In a recent video interview with Applied Clinical Trials, Jim Kremidas, executive director, Association for MultiSite Research Corporations (AMRC), discussed the Trump Administration's ‘Most Favored Nation’ pricing policy for pharmaceuticals, which aims to match the lowest global prices to reduce costs in the US. Based on his past experience at Eli Lilly, Kremidas expressed concerns about the policy’s impact on pharma companies' clinical development and NIH funding, which could lead to reduced investment in new therapies. Kremidas also highlighted the potential of multisite clinical research corporations (MCRCs) and how they can streamline clinical operations by consolidating contracts and improving efficiency.

ACT: We’re seeing increased financial pressure on pharmaceutical sponsors. Where do you think they'll look first to find cost efficiencies, and how do clinical trials fit into that equation?

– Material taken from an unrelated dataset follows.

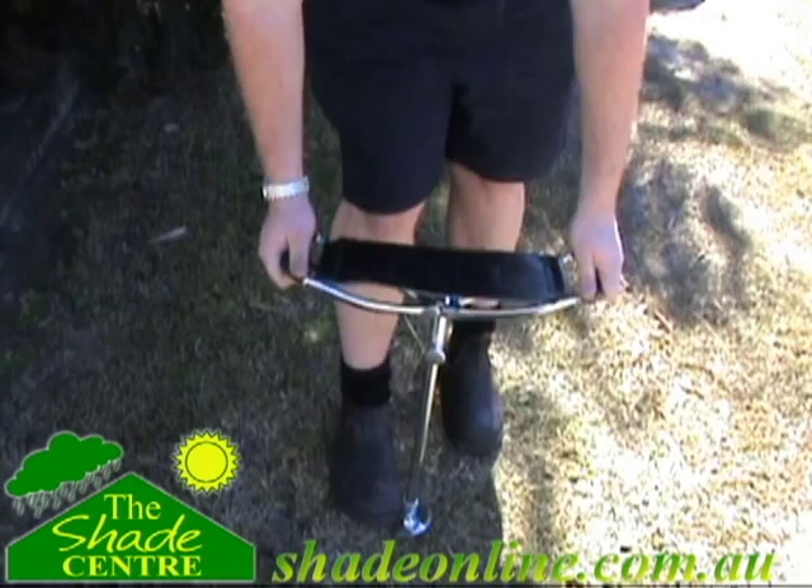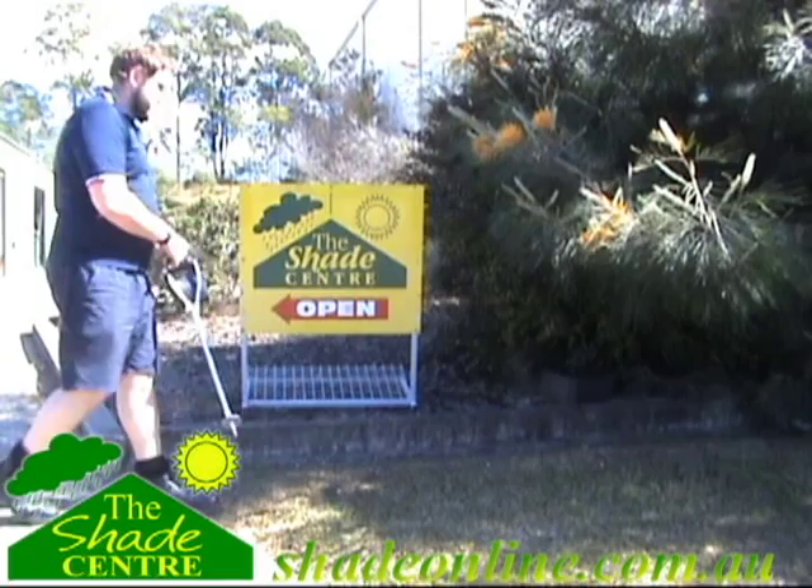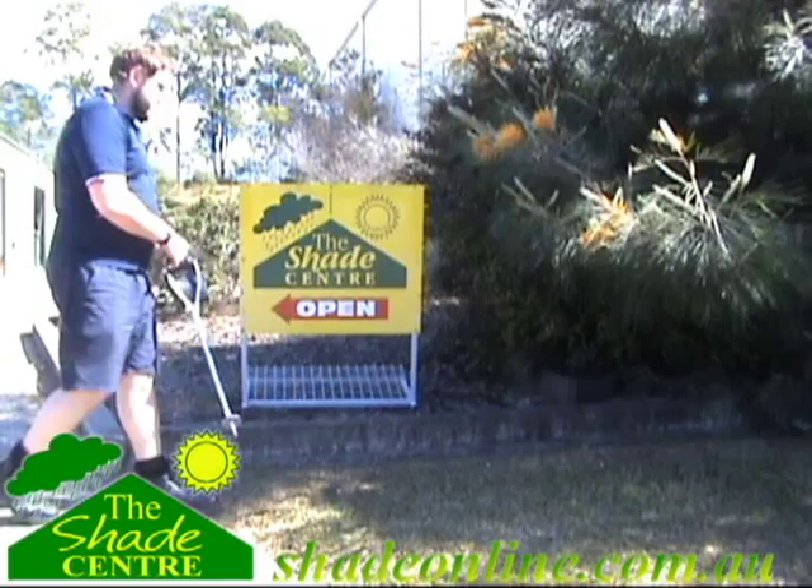Featuring a sturdy metal construction with a leather seat for comfort, five adjustable height settings, a pointed tip, and an added base plate for stability. At approximately one kilogram and seventy-four centimetres long when closed, the Flemington Seat Stick is the compact lightweight solution to outdoor seating.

Kremidas: There's two major areas, if you will, that a pharma company can look at. One would be in their sales and marketing or the commercialization of the products that they currently have available. I'm sure there are ways to cut costs there. I'm not going to go into that, because I think this audience is really more interested on the research and development side of the equation. As I mentioned earlier, it's going to have an impact in terms of the approach that pharma companies take to developing new drugs. Again, the area of the research side, so pre-clinical there's probably opportunities there to cut costs. I don't know if that's good or bad, probably bad, but on the clinical development side, we think that there are opportunities to reduce the costs of development. Now, a lot of effort these days is going into using new technologies in order to do that, for example, artificial intelligence and some of these other tools. One of the things that that we feel is important is to understand that the development of these of products, as you get through Phase I, II, and III for submission, technology helps, but at the end of the day, it's people who administer these studies. There are people that manage the studies, the site staff, the pharma company staff, the CRO staff, so there's going to be an awful lot—we believe—of opportunity to improve on the inefficiencies that currently exist from the way things are currently structured, in the way that we develop drugs, Phase I-III at this point in time.